# Solving an inverse trig equation

1. Feb 28, 2009

### Kaylee!

1. The problem statement, all variables and given/known data

Solve for x
$$arcsin(2x) + arccos(x) = \frac{\pi}{6}$$

2. Relevant equations

3. The attempt at a solution

Subtracting arccos(x) from both sides and then taking the sine of both sides:
$$2x = sin\left[\frac{\pi}{6} - arccos(x)\right]$$

Applying the difference angle identity for sine:
$$2x = sin \frac{\pi}{6} cos[arccos (x)] - cos \frac{\pi}{6} sin [arccos (x)]$$

We can draw a right triangle with a hypotenuse of 1, angle opposite of theta of $$\sqrt{1-x^2}$$, and angle adjacent to theta of x. From this triangle we can deduce the values of cos( arccos(x) ) and sin( arccos(x) )
$$2x = (\frac{1}{2})x - \frac{\sqrt{3}}{2}{\sqrt{1-x^2}}$$

Multiplying each side by 2, subtracting x from each side, squaring each side, and then dividing each side by 3
$$3x^2 = 1 - x^2$$

Adding x^2 to each side, and then dividing each side by 4
$$x^2 = \frac{1}{4}$$

At this point I need to take the square root of each side.

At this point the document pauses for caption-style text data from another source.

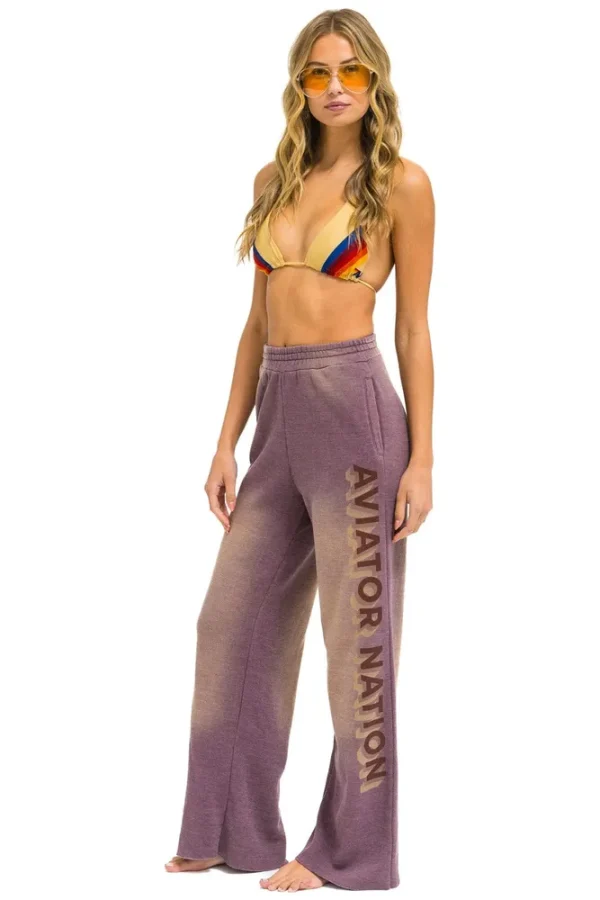 AN 3D WIDE LEG POCKET SWEATPANTS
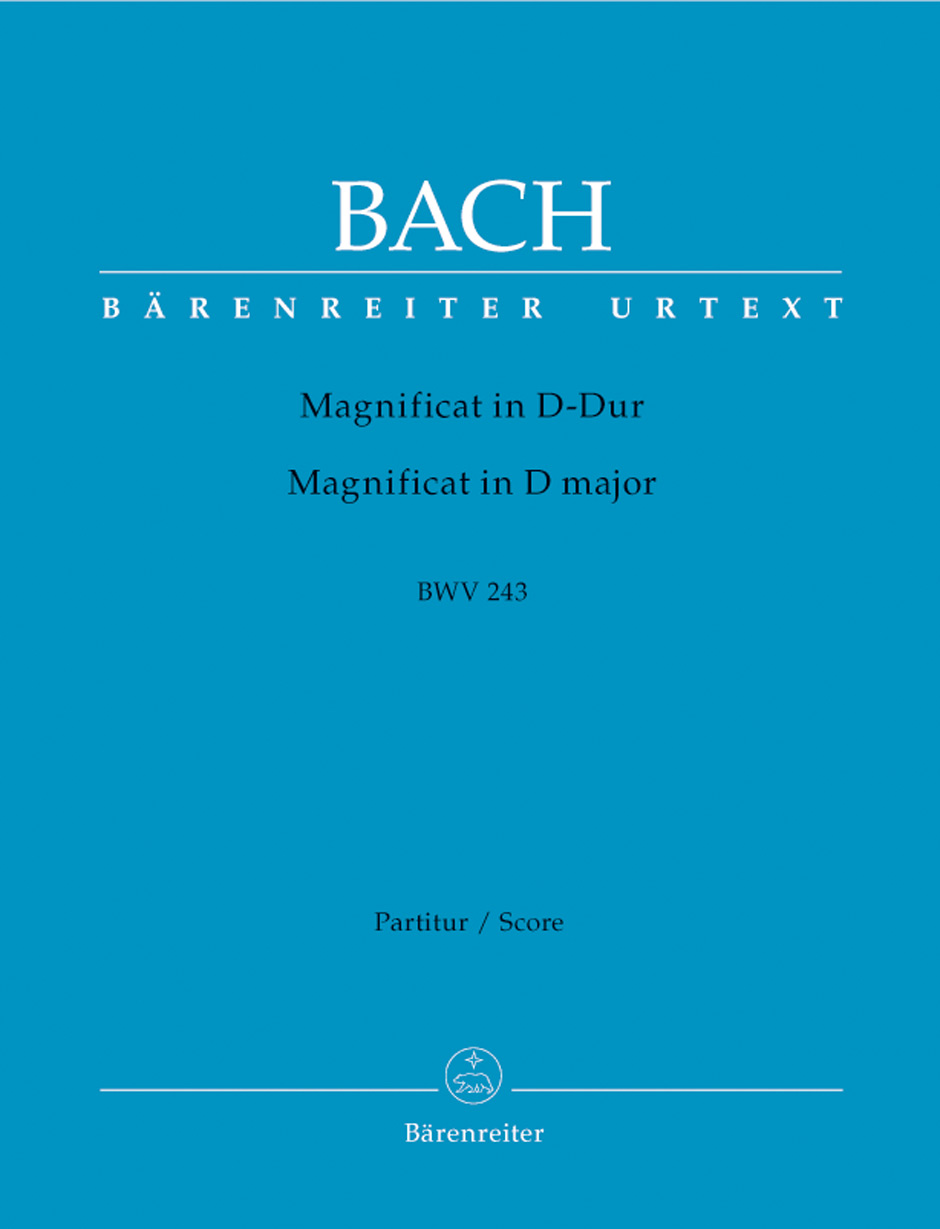 Magnificat In D BWV 243, Mixed Choir and Orchestra, Score. 9790006464203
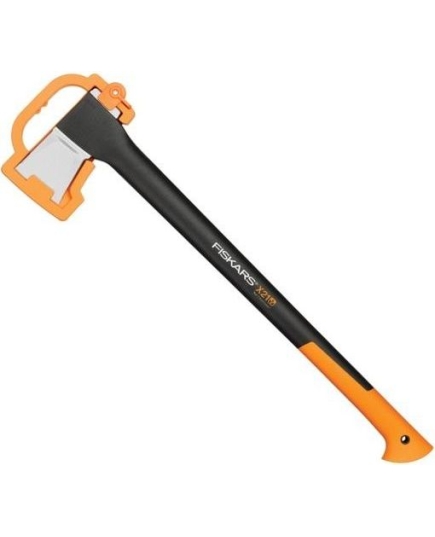 Топор Fiskars X21-L большой черный/оранжевый (1015642)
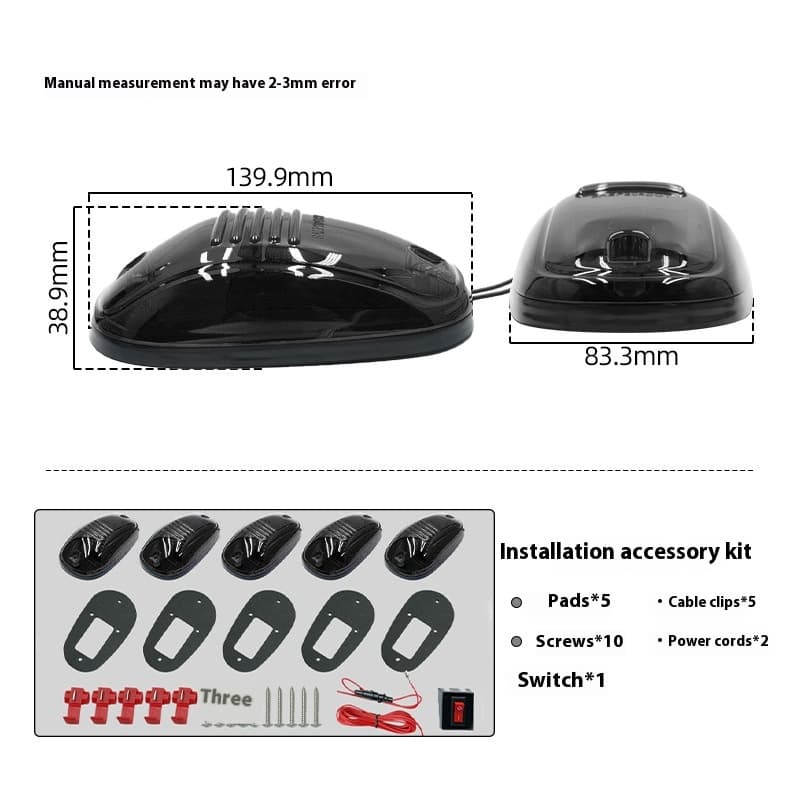 LED Roof Marker Lights for Ford F150 Raptor, Dodge Ram & Pickup Trucks, Off - Road Vehicles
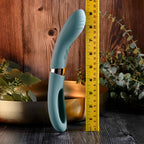 Evolved CHICK FLICK - Olive Green 24 cm USB Rechargeable Vibrator with Flicking Tip - Hush Store Sydney 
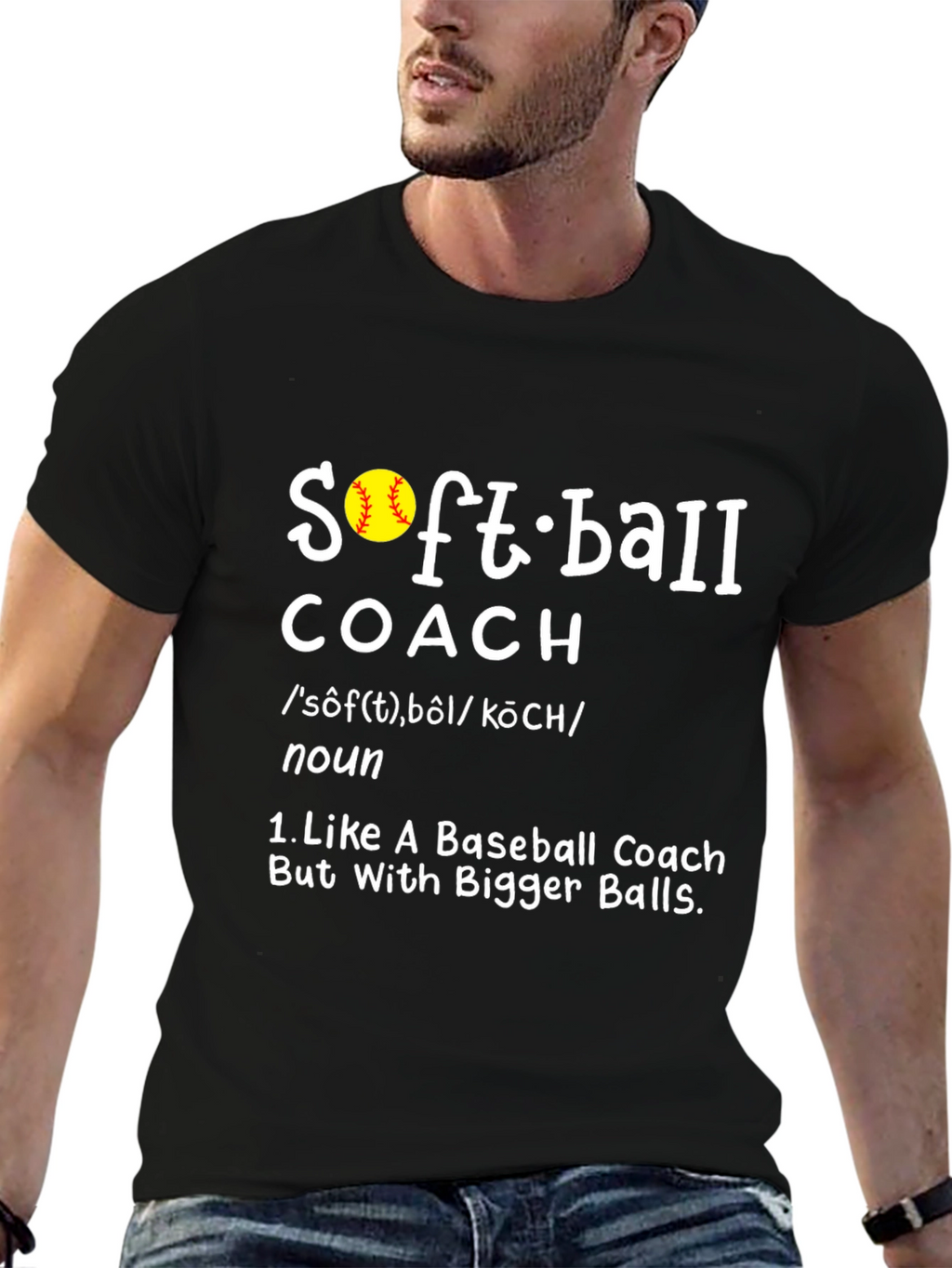 Softball Coach T-Shirt - Funny Definition Design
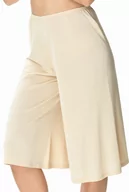 Bielizna nocna - Półhalkospodnie damskie Anastazja szeroka nogawka ecru 42 - miniaturka - grafika 1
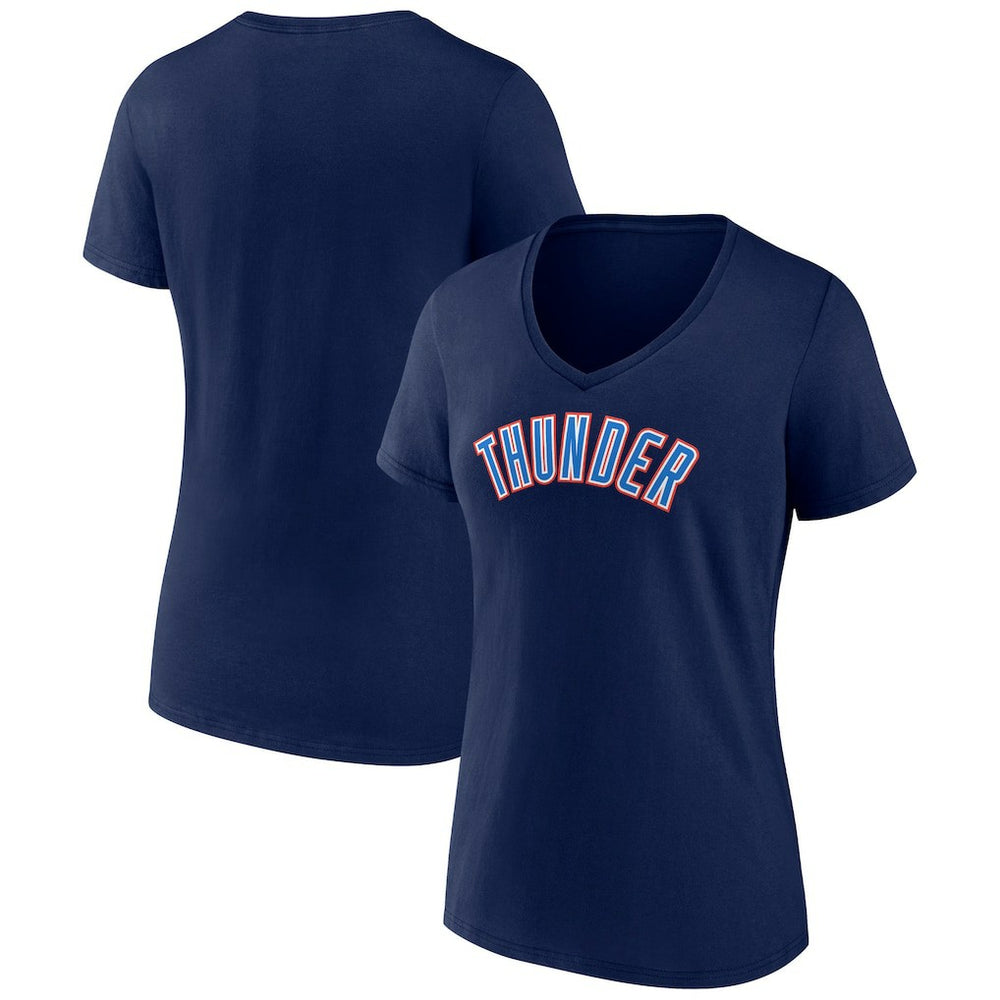 NBA Oklahoma City Thunder Women's Wordmark V-Neck T-Shirt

I know it's the negative from trying each out, but how do I show this algebraically?

2. Feb 28, 2009

### csprof2000

When you say 2x = x/2 - sqrt(3)/2 sqrt(1-x^2)...

3x = -sqrt(3)sqrt(1-x^2).

But since sqrt(1-x^2) is positive, the RHS is negative, which is true iff the LHS is negative, which is true iff x is negative, so x must be negative.